Page MenuHomePhabricator

Replace deployment-imagescaler03 (stretch) with deployment-imagescaler04 (buster)
Open, Needs TriagePublic

Description

In addition to the general desired to get off of stretch, deployment-imagescaler03 is an outlier in deployment-prep in that I can't upgrade scap on it.

Event Timeline

Change 733033 had a related patch set uploaded (by Ahmon Dancy; author: Ahmon Dancy):

[operations/puppet@production] thumbor: Remove conditionalization for stretch

https://gerrit.wikimedia.org/r/733033

Change 733033 merged by Alexandros Kosiaris:

[operations/puppet@production] thumbor: Remove conditionalization for stretch

https://gerrit.wikimedia.org/r/733033

Outstanding issues when running puppet agent -t:

#1

Error: /Stage[main]/Thumbor/Package[python-logstash]/ensure: change from 'purged' to 'present' failed: Execution of '/usr/bin/apt-get -q -y -o DPkg::Options::=--for\
ce-confold install python-logstash' returned 100: Reading package lists...
Building dependency tree...
Reading state information...
E: Unable to locate package python-logstash

Referenced by operations/puppet/modules/thumbor/manifests/init.pp:47

Looks like there is a Stretch package in http://apt.wikimedia.org/wikimedia but not one for Buster.

#2

Error: /Stage[main]/Threedtopng::Deploy/Package[nodejs-legacy]/ensure: change from 'purged' to 'present' failed: Execution of '/usr/bin/apt-get -q -y -o DPkg::Optio\
ns::=--force-confold install nodejs-legacy' returned 100: Reading package lists...
Building dependency tree...
Reading state information...
Package nodejs-legacy is not available, but is referred to by another package.
This may mean that the package is missing, has been obsoleted, or
is only available from another source
However the following packages replace it:
  nodejs libnode64

E: Package 'nodejs-legacy' has no installation candidate

Referenced by class threedtopng::deploy in operations/puppet/modules/threedtopng/manifests/deploy.pp, referenced by operations/puppet/modules/role/manifests/thumbor/mediawiki.pp

Change 734694 had a related patch set uploaded (by Ahmon Dancy; author: Ahmon Dancy):

[operations/puppet@production] threedtopng::deploy: Only install nodejs-legacy on Stretch

https://gerrit.wikimedia.org/r/734694

Change 734694 merged by RLazarus:

[operations/puppet@production] threedtopng::deploy: Only install nodejs-legacy on Stretch

https://gerrit.wikimedia.org/r/734694

Change 734712 had a related patch set uploaded (by Ahmon Dancy; author: Ahmon Dancy):

[operations/puppet@production] Thumbor: Choose python-logstash package based on distro

https://gerrit.wikimedia.org/r/734712

Change 734712 merged by Dzahn:

[operations/puppet@production] Thumbor: Choose python-logstash package based on distro

https://gerrit.wikimedia.org/r/734712

puppet agent -t runs without errors on deployment-imagescaler04 now.

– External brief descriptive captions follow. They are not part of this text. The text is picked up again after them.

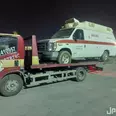 الصورة الأولى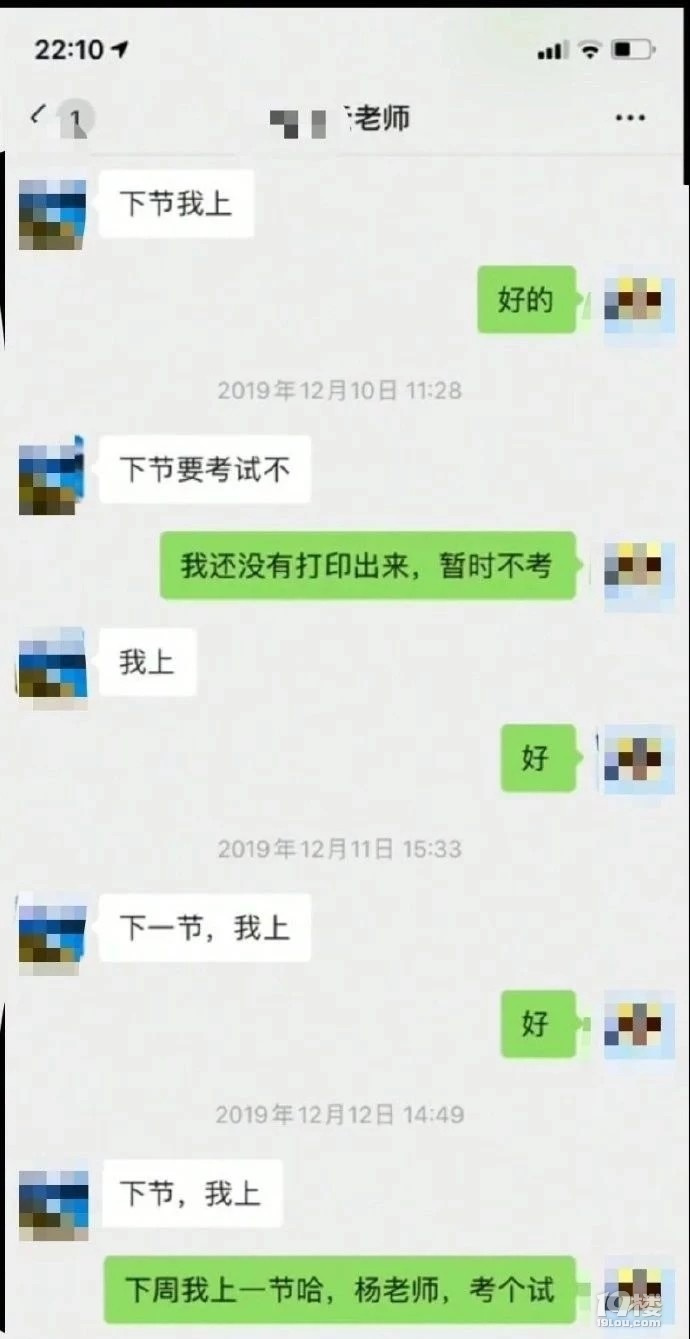 微信聊天记录有没有泄露的可能性(微信聊天记录会被发现吗)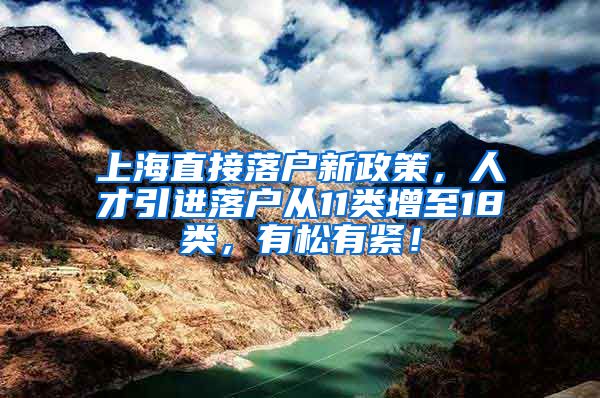 上海直接落户新政策，人才引进落户从11类增至18类，有松有紧！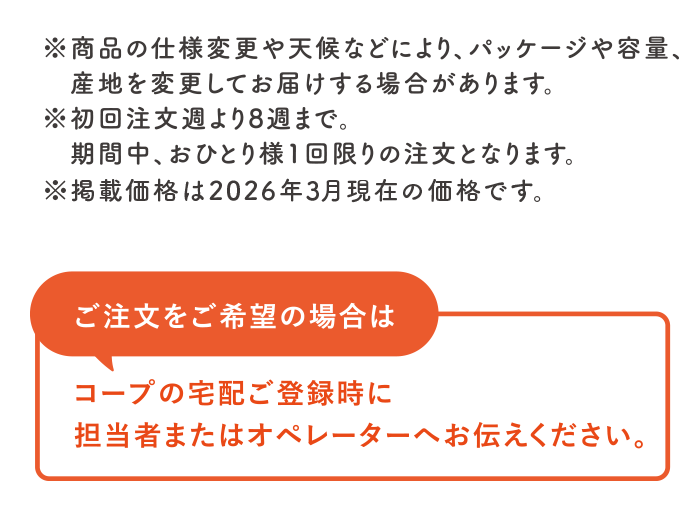 ご注文をご希望の場合は｜コープの宅配ご登録時に担当者またはオペレーターへお伝えください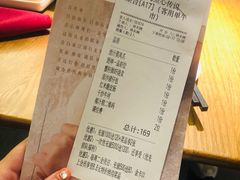 账单-点心传说·粤菜点心(佐阾虹湾店)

Next up: Figure out how to test it.

Using the python3-logstash package didn't work because thumbor itself is using python 2.

Image scalers are still running stretch in production: T216815: Upgrade Thumbor to Buster. If the goal is to do this in prep for upgrading in production, full support from me. But otherwise IMO beta should try to match production right? AIUI thumbor is abandoned in production (and maybe upstream too), and the lack of an owner is blocking the upgrade. I'm mostly unsure of how many other issues you're going to hit along the way too.

deployment-imagescaler03 is an outlier in deployment-prep in that I can't upgrade scap on it.

Is this not an issue in production too then?

Image scalers are still running stretch in production: T216815: Upgrade Thumbor to Buster. If the goal is to do this in prep for upgrading in production, full support from me.

That was not my original motivation but it seemed like a nice side effect.

But otherwise IMO beta should try to match production right?

Functionally yes. I don't think that means that the Debian release needs to match. That's just my opinion, of course. I don't know if that collides with existing policies.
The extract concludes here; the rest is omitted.